§ **Task brief**
Take the lines in the listing below from the line with "DS1993L-F5+ Page 1" up to and including the line with "Set di elementi" and set them down exactly, skipping pictures and adding nothing.

§ **Data shown**

^^^^^^^^

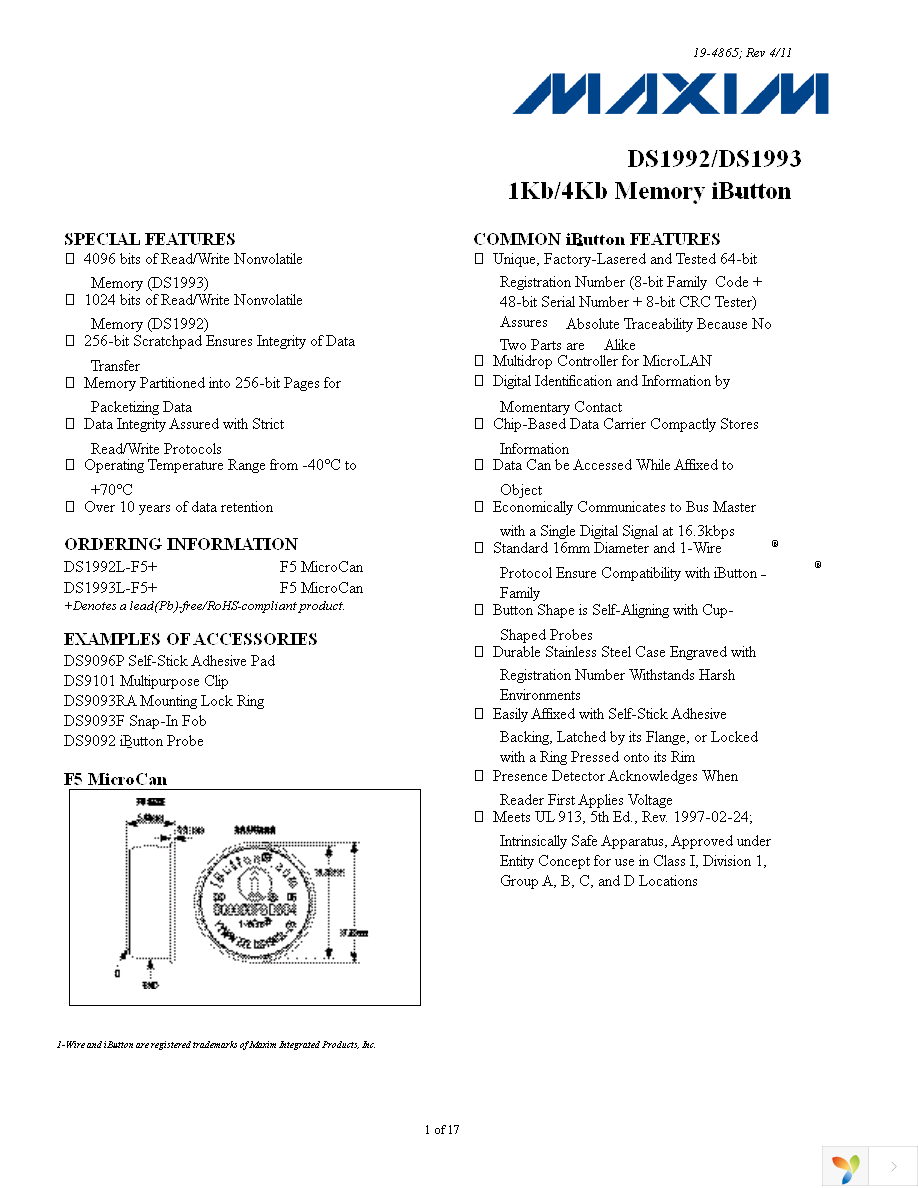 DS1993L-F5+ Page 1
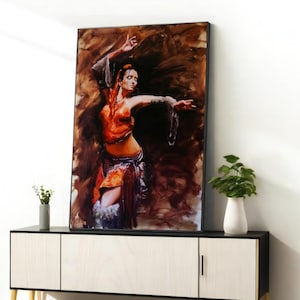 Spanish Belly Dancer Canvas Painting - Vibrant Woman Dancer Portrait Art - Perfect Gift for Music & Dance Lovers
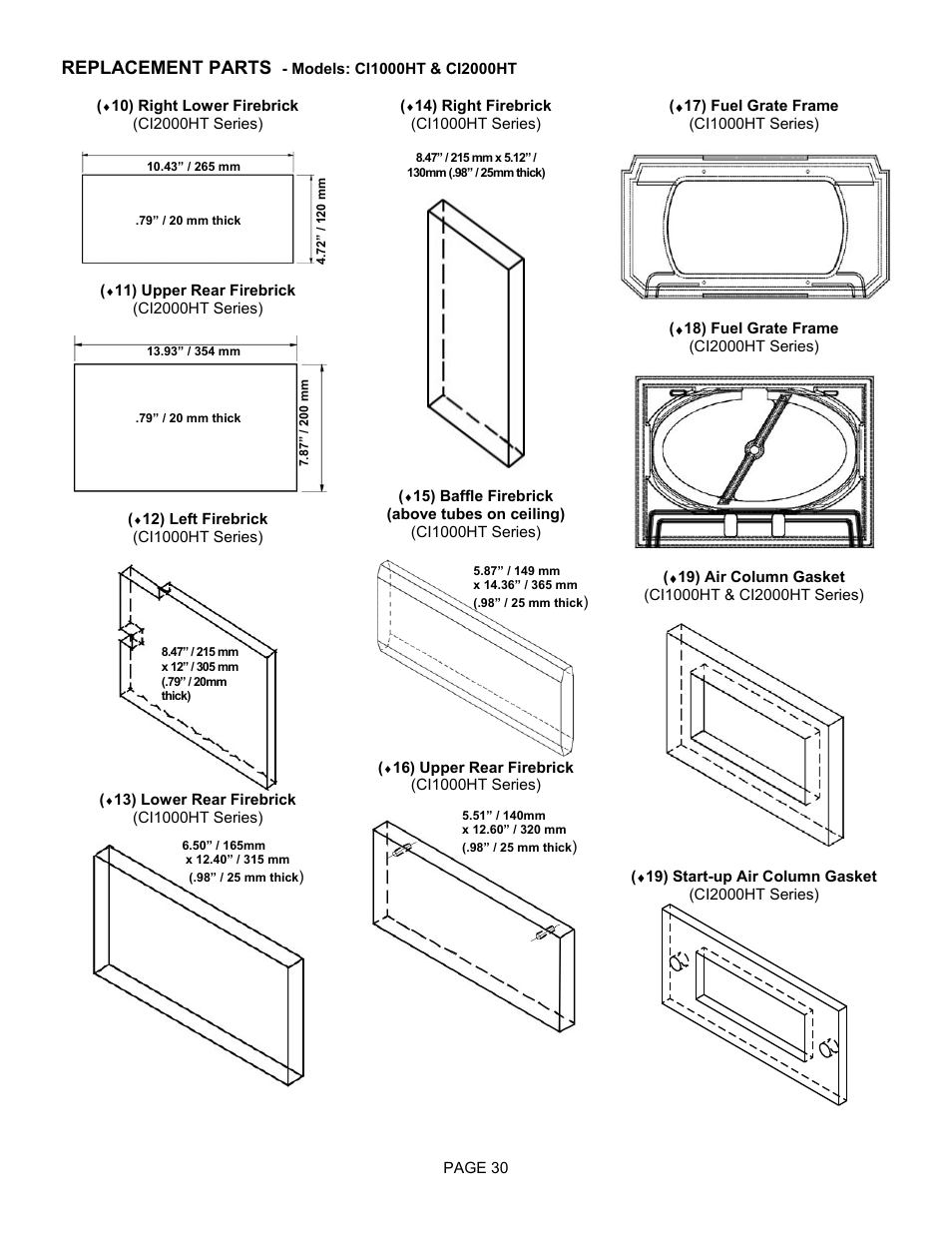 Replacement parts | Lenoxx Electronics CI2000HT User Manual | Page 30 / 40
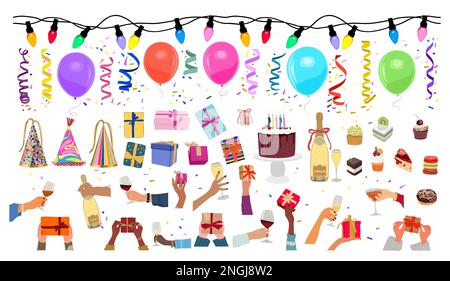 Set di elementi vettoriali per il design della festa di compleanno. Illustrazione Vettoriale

^^^^^^^^

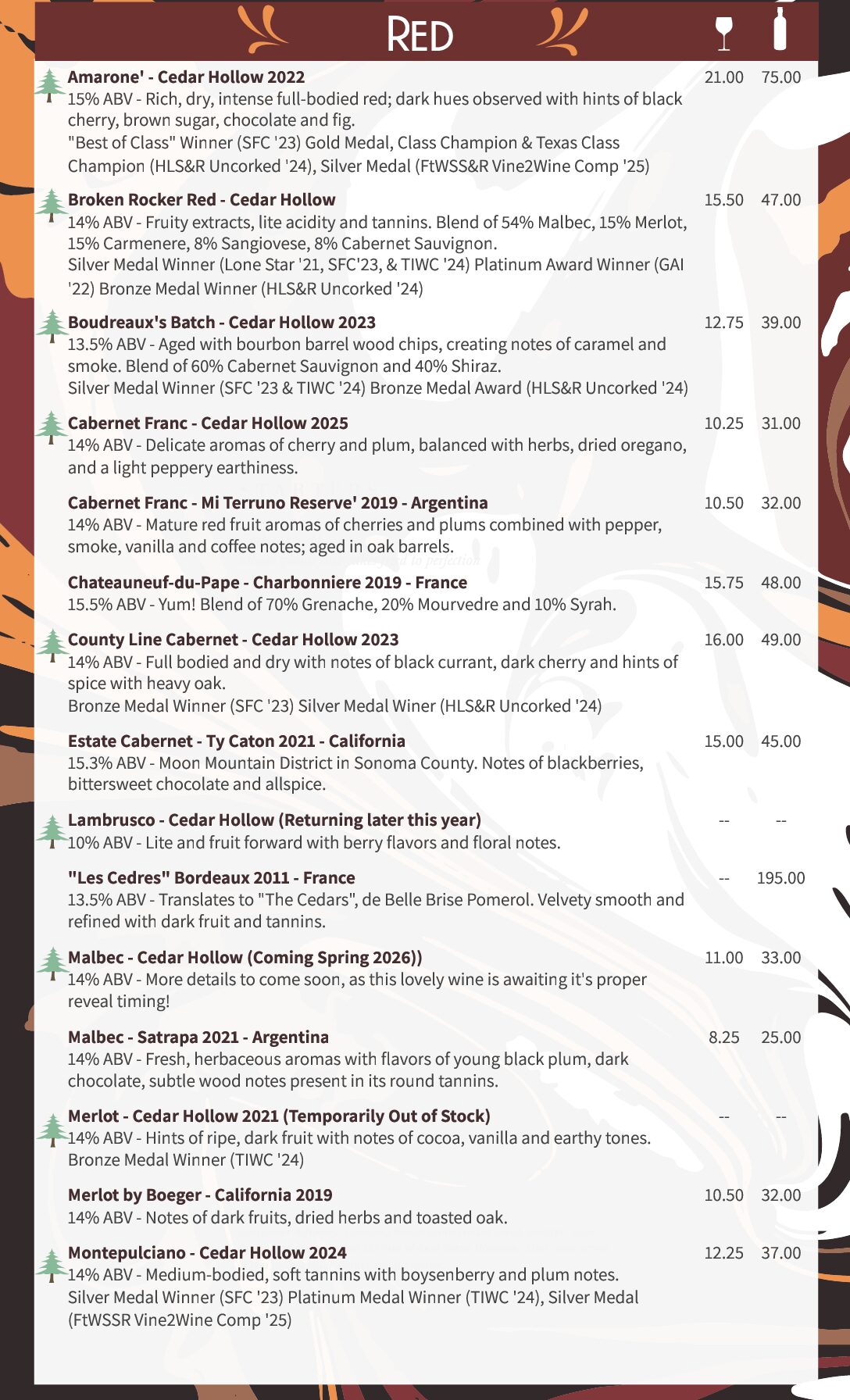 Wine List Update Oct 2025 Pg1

^^^^^^^^

§ **Output for this exercise**
 DS1993L-F5+ Page 1
 Spanish Belly Dancer Canvas Painting - Vibrant Woman Dancer Portrait Art - Perfect Gift for Music & Dance Lovers
 Replacement parts | Lenoxx Electronics CI2000HT User Manual | Page 30 / 40
 Set di elementi vettoriali per il design della festa di compleanno. Illustrazione Vettoriale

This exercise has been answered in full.